↓↓↓
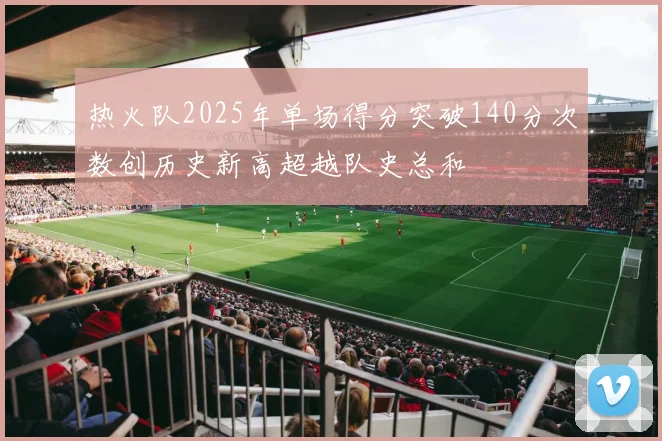 热火队2025年单场得分突破140分次数创历史新高超越队史总和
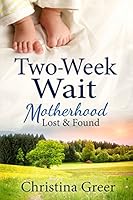 Two-Week Wait: Motherhood Lost and Found 098615010X Book Cover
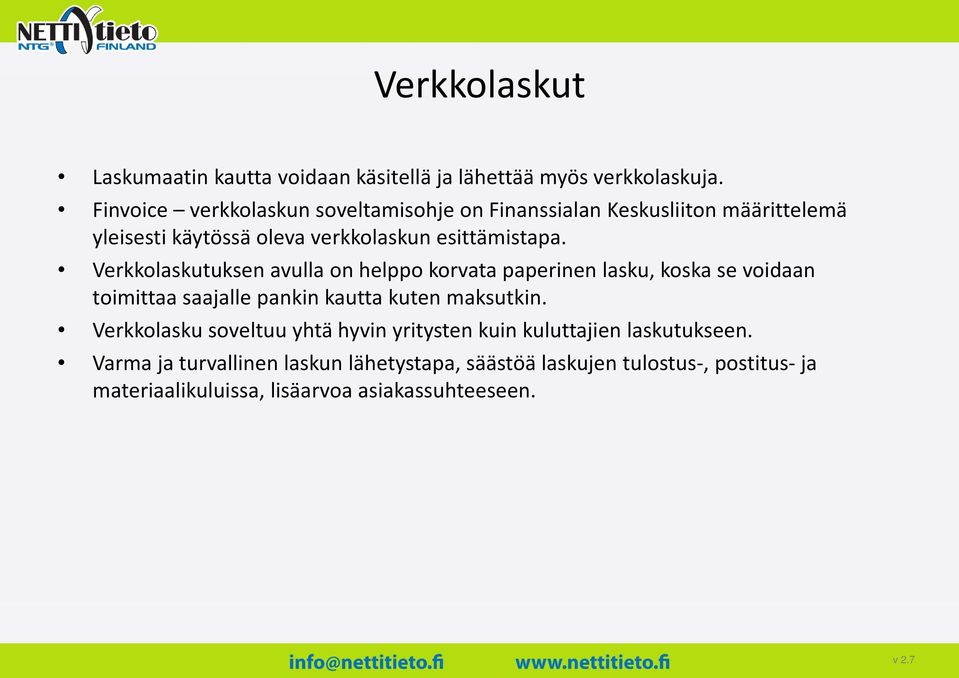 Verkkolaskutuksen avulla on helppo korvata paperinen lasku, koska se voidaan toimittaa saajalle pankin kautta kuten mak ksutkin.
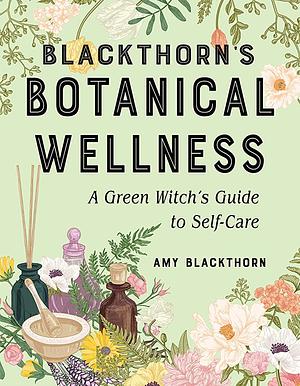 Blackthorn's Botanical Wellness: A Green Witch's Guide to Self-Care by Amy Blackthorn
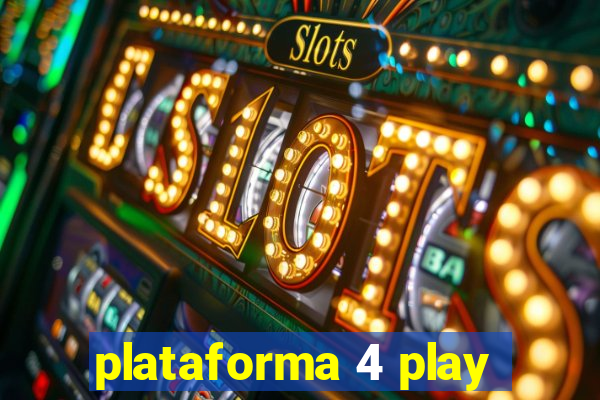 plataforma 4 play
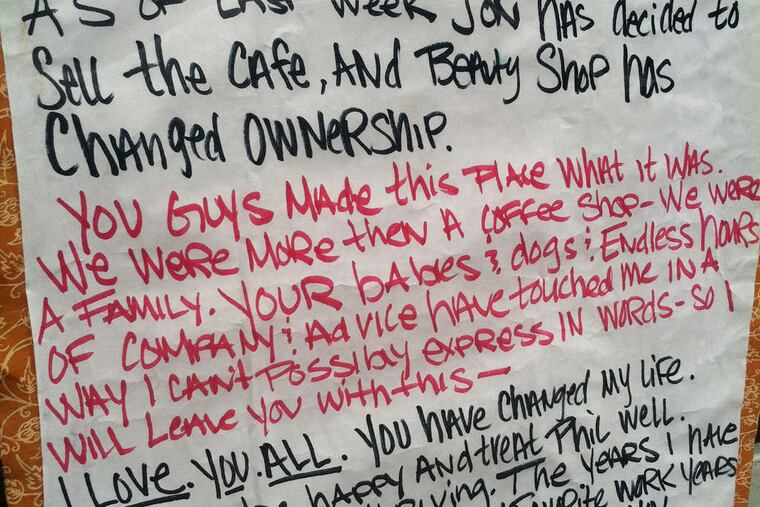The closed Beauty Shop Café bears this farewell from barista Sarah Boynton.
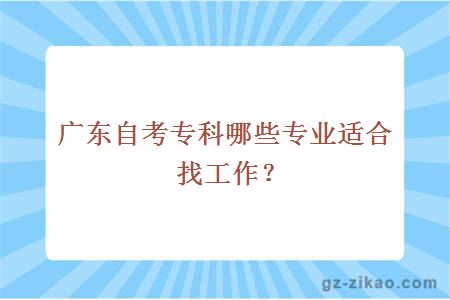 廣東自考專(zhuān)科哪些專(zhuān)業(yè)適合找工作？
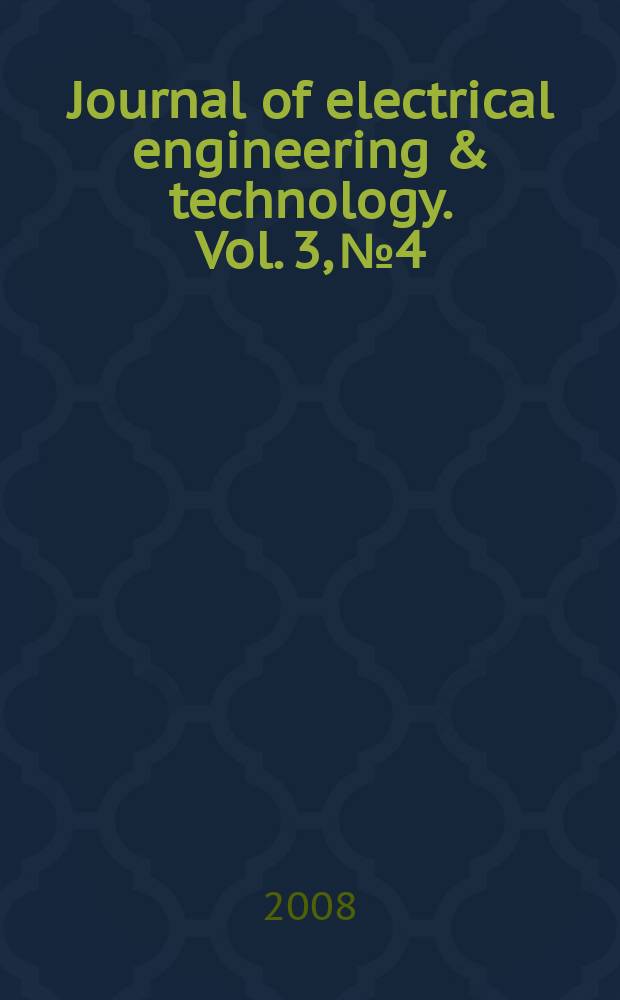 Journal of electrical engineering & technology. Vol. 3, № 4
↑↑↑
About this exercise
Pictures are to be left out; repeat all the remaining data exactly.

Solution to the exercise
 热火队2025年单场得分突破140分次数创历史新高超越队史总和
 Two-Week Wait: Motherhood Lost and Found 098615010X Book Cover
 Verkkolaskutuksen avulla on helppo korvata paperinen lasku, koska se voidaan toimittaa saajalle pankin kautta kuten mak ksutkin.
 Blackthorn's Botanical Wellness: A Green Witch's Guide to Self-Care by Amy Blackthorn
 plataforma 4 play
The closed Beauty Shop Café bears this farewell from barista Sarah Boynton.
 廣東自考專(zhuān)科哪些專(zhuān)業(yè)適合找工作？
 Journal of electrical engineering & technology. Vol. 3, № 4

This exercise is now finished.